The data:
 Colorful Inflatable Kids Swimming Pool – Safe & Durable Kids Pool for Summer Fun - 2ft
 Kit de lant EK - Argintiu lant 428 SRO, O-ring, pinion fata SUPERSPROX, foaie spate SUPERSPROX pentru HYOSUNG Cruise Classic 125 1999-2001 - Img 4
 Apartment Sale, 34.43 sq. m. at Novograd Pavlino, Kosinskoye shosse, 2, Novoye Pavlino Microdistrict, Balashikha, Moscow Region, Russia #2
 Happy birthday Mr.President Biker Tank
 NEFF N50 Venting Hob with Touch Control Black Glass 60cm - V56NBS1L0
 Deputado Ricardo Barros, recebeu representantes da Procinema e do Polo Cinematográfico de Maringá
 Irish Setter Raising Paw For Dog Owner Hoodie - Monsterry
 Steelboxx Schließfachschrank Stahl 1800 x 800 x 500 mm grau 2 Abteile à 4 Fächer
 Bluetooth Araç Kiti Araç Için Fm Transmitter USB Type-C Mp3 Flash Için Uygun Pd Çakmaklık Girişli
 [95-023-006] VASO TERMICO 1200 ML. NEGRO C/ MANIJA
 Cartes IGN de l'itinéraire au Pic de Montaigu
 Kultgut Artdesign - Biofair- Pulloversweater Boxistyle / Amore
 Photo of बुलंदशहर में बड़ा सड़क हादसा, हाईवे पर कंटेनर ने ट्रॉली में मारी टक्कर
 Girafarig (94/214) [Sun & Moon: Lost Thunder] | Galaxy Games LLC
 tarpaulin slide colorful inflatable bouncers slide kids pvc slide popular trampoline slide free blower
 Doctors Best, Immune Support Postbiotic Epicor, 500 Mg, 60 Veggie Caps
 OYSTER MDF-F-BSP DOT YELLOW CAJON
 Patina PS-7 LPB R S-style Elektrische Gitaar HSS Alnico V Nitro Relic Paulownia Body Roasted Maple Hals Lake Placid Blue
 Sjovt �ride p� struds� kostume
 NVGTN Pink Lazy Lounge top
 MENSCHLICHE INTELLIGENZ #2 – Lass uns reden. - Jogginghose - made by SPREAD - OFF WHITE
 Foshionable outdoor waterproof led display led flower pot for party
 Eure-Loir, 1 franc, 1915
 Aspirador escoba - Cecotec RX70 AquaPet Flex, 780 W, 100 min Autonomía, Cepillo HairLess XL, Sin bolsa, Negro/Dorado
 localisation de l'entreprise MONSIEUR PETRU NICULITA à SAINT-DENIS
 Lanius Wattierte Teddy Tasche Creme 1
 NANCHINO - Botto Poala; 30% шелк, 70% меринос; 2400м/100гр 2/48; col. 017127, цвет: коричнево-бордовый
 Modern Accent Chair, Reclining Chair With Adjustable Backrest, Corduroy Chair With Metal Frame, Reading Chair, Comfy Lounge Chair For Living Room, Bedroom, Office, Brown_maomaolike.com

Activity: Check each line of the records above for the word "Lounge", then give the number of lines that have it, with no other words.

Answer for the task: 2